This disclosure relates to bulk metallic glasses and more particularly to methods of joining bulk metallic glasses useful for, for example, electronic packaging.
Metallic glasses are metal alloys with non-crystalline microstructures. They are typically obtained by fast quenching from the molten state, which hinders crystallization. The preparation of metallic glass foil of an Au—Si alloy was first reported in 1960. Noble metal alloy metallic glass rods around 1 mm in diameter were reported in the mid-1970s to 1980s. Interest in metallic glasses increased rapidly in the late 1980s and 1990s, however, when bulk metallic glasses (BMGs), greater than a few mms in diameter, were successfully prepared from alloys of common metals.
The disordered atomic structure, lack of grain boundaries, and metastable state of metallic glasses leads to unique properties. Metallic glasses conduct electricity like conventional metals, but deform and fail brittly in tension, similar to conventional glasses. Typical carriers of plastic flow, dislocations, are not present leading to high tensile strengths and elastic limits but different kinds of failure modes than conventional metals. The formation of metallic glass composites, by either mixing in or precipitating a second phase within the glassy matrix, has been reported as a method for tuning the mechanical, thermal, and electrical properties of these materials.

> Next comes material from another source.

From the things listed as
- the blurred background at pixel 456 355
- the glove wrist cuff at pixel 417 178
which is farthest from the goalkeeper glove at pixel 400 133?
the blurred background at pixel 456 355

Like conventional glasses, metallic glasses exhibit a glass transition temperature (Tg) and crystallize at a temperature (Tx) above Tg. Within this supercooled liquid region (SCLR, Tx-Tg), metallic glasses can be thermo-plastically formed into precise and complex shapes using methods similar to those used for conventional glasses—e.g. compression molding, blowing, embossing. They can also be cast directly into molds and quenched to a glassy state with very low shrinkage.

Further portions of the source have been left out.